[PATCH 1/1] mxc_nand : allow swapping the Bad block Indicator for NFC v1.
Sascha Hauer
s.hauer at pengutronix.de
Tue Sep 11 04:47:03 EDT 2012
On Tue, Sep 11, 2012 at 10:03:01AM +0200, Gaëtan Carlier wrote:
> >>The point is not the necessity of swapping bytes if factory bad
> >>block markers are not used.
> >>In my case, the bytes must be swapped because all previous
> >>operations on flash swapped these bytes :
> >>* Flashes redboot (bootloader) via JTAG using OpenOCD which swaps bytes;
> >>* Writes kernel and rootfs via TFTP using redboot which swaps bytes;
> >>So to be able to read rootfs partition, mxc-nand driver have to swap
> >>bytes otherwise, JFFS2 detects error on partition and is unable to
> >>mount it.
> >
> >I am all in favour to be able to swap the factory bad block marker with
> >the position the mtd framework expects it.
> >
> >That according to our understanding are bytes 0x7d0 in the main area
> >and byte 0x0 in the spare area.
> >
> >>
> >>I have not chosen to swap these bytes. In a training, I received
> >>redboot and kernel 2.6.22 with set of patches to support i.MX27 and
> >>these patches included swap of bytes in nand driver. So I start my
> >>development with this workaround and it is now impossible to get
> >>back because boards are already in production.
> >
> >So you are swapping the factory bad block marker with some position
> >where the mtd layer does not expect the bad block marker. With this
> >you preserve the factor bad block marker, but do not use it to detect
> >bad blocks.
> The factor bad block marker are used by redboot. I don't know how
> kernel handles them.
This depends on chip->badblockpos. Normally this defaults to
NAND_LARGE_BADBLOCK_POS for 2k nands. This would be the first oob byte.
So you would have to swap the factory bad block marker with some other
oob byte, but you would also have to make sure that you set
chip->badblockpos to the location you swap with.
One BIG problem is that I've seen multiple variants of this patch, for
example one variant I've seen swaps with oob byte 5 or 6 (the standard
badblock marker for 512byte page nands). So you would not only have
to put a 'bool swap' into platformdata, but also the information with
which byte to swap.
This is all very annoying, because the swap location (or no swap at all)
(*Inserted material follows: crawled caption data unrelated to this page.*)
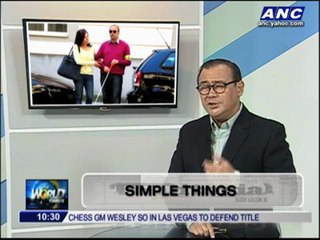 Teditorial: Simple Things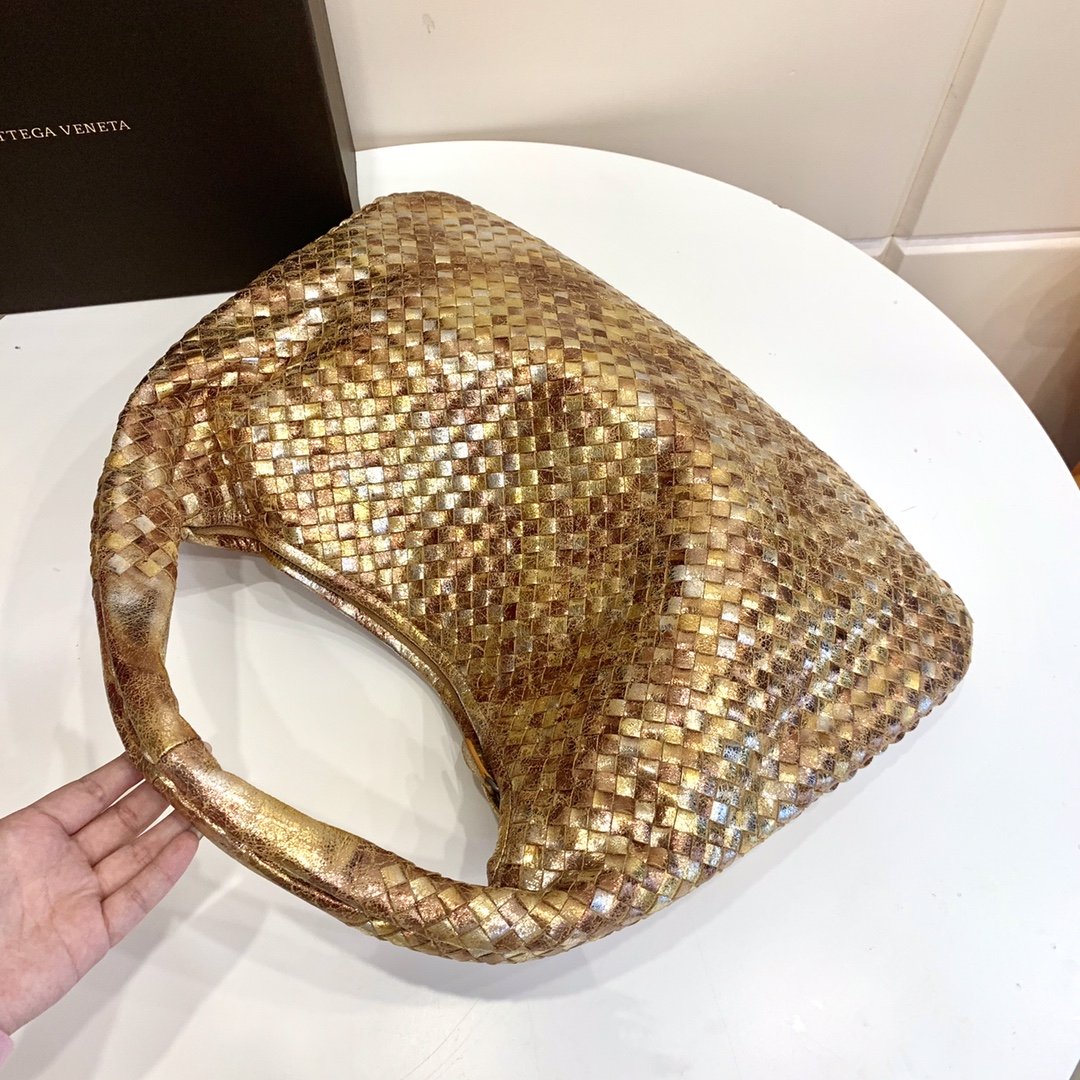 GLAMI Hobo Bag Gold, For Women, Bags 16.9in/43cm
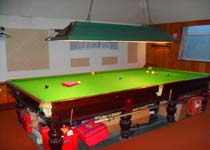 Snooker Tables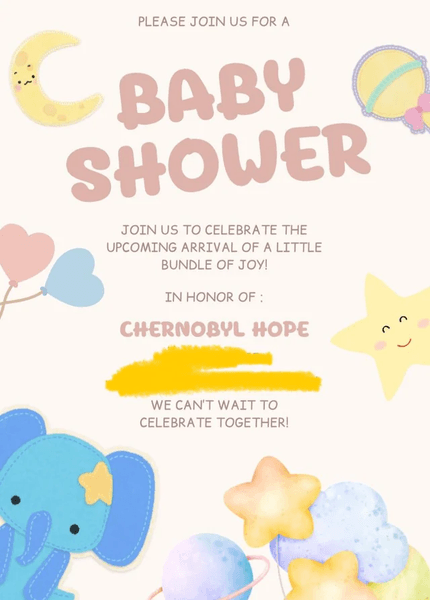 Родители выбрали скандальное имя для будущей дочери, которое связано с катастрофой в Чернобыле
is specific to a single board, *not* to a board type. This makes this
information unsuitable for platform_data (For example someone might
use redboot on some board which swaps the bad block marker, some other
persion might use another bootloader which does not swap on the very
same board type). The only sane solution would be to store this
information inside the flash chip itself.